• _DATA EXCERPT_:

★ ★ ★

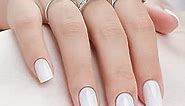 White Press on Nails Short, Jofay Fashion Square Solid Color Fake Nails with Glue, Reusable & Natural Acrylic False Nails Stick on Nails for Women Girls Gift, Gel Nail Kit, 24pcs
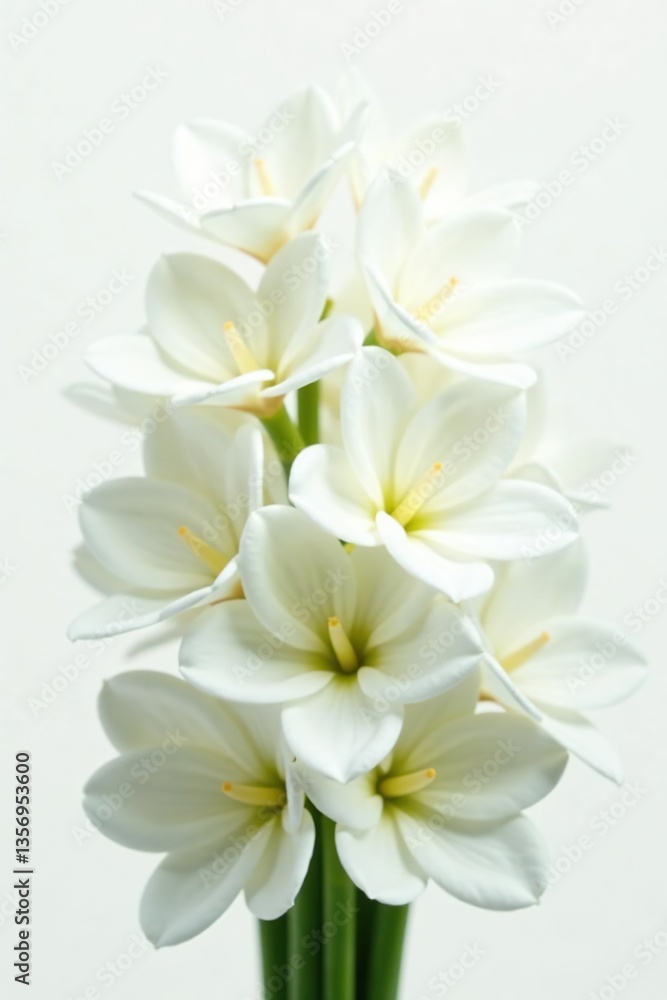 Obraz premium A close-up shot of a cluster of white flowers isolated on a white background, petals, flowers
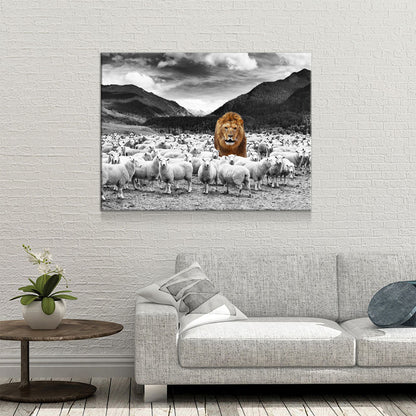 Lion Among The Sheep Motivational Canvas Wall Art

★ ★ ★

• _THE PROBLEM_: Repeat nothing but the lines from the one containing "Obraz premium A" through the last line of the listing, both included, exactly as written, and omit any picture.

• _ANSWER TO THE EXERCISE_:
 Obraz premium A close-up shot of a cluster of white flowers isolated on a white background, petals, flowers
 Lion Among The Sheep Motivational Canvas Wall Art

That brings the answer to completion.